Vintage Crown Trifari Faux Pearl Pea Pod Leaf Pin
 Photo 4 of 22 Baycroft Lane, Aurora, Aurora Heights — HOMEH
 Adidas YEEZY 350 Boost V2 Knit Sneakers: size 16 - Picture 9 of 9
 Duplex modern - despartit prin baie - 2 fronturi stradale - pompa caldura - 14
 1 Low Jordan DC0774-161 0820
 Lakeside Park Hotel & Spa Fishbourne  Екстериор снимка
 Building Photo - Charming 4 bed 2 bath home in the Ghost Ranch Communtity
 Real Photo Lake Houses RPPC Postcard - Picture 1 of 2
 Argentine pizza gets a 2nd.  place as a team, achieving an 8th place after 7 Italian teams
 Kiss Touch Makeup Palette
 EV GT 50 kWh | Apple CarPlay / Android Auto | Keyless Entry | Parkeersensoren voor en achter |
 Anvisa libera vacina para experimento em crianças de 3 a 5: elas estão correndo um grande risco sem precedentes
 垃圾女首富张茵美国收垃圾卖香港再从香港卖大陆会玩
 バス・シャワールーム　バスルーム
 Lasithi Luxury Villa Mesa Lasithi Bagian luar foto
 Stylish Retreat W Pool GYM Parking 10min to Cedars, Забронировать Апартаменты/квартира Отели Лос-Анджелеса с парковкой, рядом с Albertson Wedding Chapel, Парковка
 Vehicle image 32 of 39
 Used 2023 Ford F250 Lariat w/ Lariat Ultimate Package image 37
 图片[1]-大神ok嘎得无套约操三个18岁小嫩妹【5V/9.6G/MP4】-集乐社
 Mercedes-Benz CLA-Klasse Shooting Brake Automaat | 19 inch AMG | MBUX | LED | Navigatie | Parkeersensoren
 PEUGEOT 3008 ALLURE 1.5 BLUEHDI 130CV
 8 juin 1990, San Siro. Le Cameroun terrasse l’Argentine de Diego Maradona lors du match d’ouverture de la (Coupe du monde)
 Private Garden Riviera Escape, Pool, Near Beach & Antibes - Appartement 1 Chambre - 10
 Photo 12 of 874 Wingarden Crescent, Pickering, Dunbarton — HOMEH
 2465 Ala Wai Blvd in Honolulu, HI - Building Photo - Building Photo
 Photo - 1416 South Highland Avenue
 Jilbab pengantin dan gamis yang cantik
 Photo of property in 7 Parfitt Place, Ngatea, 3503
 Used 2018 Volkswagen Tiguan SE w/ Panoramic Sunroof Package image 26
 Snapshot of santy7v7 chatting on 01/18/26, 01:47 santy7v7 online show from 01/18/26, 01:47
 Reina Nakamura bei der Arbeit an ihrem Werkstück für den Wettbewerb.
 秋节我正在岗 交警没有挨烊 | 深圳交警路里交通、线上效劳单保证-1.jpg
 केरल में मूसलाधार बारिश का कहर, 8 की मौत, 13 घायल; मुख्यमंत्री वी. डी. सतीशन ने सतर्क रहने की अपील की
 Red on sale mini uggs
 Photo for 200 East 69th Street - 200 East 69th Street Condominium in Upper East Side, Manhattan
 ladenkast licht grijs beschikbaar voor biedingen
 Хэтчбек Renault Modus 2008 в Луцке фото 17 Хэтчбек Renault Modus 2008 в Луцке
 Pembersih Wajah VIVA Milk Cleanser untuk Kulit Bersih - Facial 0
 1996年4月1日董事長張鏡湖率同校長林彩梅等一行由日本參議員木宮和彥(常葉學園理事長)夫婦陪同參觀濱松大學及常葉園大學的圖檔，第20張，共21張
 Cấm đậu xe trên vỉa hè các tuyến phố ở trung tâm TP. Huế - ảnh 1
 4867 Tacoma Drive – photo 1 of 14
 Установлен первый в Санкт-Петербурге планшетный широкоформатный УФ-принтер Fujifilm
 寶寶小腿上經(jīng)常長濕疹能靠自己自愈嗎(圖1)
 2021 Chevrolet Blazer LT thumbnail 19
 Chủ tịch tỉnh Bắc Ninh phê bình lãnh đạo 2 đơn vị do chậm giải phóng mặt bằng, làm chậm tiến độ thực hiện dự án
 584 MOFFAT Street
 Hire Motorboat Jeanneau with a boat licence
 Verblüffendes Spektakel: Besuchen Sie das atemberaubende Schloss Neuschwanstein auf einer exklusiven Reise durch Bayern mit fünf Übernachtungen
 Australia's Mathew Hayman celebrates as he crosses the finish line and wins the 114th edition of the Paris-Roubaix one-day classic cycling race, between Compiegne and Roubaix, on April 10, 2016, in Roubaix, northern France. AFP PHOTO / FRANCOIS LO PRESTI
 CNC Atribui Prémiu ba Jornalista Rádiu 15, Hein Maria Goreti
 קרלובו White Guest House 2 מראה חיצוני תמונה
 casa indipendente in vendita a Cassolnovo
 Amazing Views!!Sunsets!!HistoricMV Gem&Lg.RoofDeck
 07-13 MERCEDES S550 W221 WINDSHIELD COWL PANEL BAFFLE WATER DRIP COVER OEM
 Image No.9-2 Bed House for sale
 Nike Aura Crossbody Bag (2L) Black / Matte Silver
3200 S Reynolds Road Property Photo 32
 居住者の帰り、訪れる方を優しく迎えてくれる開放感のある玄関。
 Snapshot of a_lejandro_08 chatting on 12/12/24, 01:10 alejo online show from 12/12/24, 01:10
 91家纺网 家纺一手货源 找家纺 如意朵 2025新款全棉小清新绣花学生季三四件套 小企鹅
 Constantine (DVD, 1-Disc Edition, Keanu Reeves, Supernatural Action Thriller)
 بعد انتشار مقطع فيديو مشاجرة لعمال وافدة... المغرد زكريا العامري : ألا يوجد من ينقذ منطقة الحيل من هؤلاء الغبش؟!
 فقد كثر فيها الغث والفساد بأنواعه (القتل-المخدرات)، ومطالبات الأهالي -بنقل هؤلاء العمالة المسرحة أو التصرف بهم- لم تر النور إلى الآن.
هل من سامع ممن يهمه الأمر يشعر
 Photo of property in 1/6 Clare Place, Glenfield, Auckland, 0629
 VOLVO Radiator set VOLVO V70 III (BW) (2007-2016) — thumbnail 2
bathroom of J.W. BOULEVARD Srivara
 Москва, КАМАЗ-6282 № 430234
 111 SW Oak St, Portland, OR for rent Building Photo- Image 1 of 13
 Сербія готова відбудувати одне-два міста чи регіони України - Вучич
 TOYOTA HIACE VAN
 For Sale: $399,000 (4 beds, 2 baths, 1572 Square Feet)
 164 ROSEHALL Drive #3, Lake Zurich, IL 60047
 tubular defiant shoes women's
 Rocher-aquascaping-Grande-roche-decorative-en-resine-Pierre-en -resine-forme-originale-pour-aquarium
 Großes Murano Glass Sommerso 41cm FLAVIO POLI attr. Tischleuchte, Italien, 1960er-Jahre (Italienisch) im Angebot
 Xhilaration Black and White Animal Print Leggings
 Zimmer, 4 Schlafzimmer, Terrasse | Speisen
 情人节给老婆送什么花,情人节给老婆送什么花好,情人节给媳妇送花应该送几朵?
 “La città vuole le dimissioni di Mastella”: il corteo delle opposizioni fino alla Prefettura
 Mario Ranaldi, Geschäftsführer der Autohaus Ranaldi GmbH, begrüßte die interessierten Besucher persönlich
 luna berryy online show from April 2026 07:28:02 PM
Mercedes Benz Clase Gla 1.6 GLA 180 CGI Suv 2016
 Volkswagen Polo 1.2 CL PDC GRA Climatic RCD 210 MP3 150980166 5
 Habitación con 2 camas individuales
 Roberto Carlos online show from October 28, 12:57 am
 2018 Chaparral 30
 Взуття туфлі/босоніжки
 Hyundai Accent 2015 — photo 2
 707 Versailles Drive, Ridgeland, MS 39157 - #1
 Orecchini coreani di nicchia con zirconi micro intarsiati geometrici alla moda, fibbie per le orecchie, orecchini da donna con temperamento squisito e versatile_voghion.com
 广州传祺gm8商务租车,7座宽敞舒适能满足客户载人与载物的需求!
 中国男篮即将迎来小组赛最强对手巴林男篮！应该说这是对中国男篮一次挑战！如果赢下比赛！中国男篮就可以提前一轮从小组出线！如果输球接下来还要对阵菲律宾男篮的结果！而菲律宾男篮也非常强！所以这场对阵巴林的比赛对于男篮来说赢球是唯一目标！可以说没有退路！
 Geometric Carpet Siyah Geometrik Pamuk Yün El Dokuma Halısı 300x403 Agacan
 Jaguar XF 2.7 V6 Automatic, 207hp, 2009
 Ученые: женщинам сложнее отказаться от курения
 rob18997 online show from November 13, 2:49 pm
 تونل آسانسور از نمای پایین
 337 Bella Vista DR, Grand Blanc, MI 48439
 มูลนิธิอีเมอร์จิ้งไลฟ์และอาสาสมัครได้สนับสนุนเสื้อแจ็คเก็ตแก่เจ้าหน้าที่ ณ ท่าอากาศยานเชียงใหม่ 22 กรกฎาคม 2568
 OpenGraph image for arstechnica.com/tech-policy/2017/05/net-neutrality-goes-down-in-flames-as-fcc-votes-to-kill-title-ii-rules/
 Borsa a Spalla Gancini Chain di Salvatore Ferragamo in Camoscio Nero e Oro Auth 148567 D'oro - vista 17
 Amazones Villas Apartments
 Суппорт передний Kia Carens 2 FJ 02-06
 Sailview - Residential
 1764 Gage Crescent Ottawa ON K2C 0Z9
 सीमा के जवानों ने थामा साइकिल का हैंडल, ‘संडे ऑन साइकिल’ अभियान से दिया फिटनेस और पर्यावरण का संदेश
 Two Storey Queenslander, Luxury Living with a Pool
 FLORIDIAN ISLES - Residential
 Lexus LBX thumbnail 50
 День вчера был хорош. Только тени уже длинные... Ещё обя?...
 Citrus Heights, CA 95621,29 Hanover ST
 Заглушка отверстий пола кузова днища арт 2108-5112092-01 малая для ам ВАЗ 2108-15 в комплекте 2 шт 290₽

★ ★ ★ ★

# [Exercise prompt]
Please return only the lines above, starting at the line that has "Snapshot of a_lejandro_08" and ending at the line that has "Москва, КАМАЗ-6282 № 430234", keeping both and leaving each one unchanged.

# [Task solution]
 Snapshot of a_lejandro_08 chatting on 12/12/24, 01:10 alejo online show from 12/12/24, 01:10
 91家纺网 家纺一手货源 找家纺 如意朵 2025新款全棉小清新绣花学生季三四件套 小企鹅
 Constantine (DVD, 1-Disc Edition, Keanu Reeves, Supernatural Action Thriller)
 بعد انتشار مقطع فيديو مشاجرة لعمال وافدة... المغرد زكريا العامري : ألا يوجد من ينقذ منطقة الحيل من هؤلاء الغبش؟!
 فقد كثر فيها الغث والفساد بأنواعه (القتل-المخدرات)، ومطالبات الأهالي -بنقل هؤلاء العمالة المسرحة أو التصرف بهم- لم تر النور إلى الآن.
هل من سامع ممن يهمه الأمر يشعر
 Photo of property in 1/6 Clare Place, Glenfield, Auckland, 0629
 VOLVO Radiator set VOLVO V70 III (BW) (2007-2016) — thumbnail 2
bathroom of J.W. BOULEVARD Srivara
 Москва, КАМАЗ-6282 № 430234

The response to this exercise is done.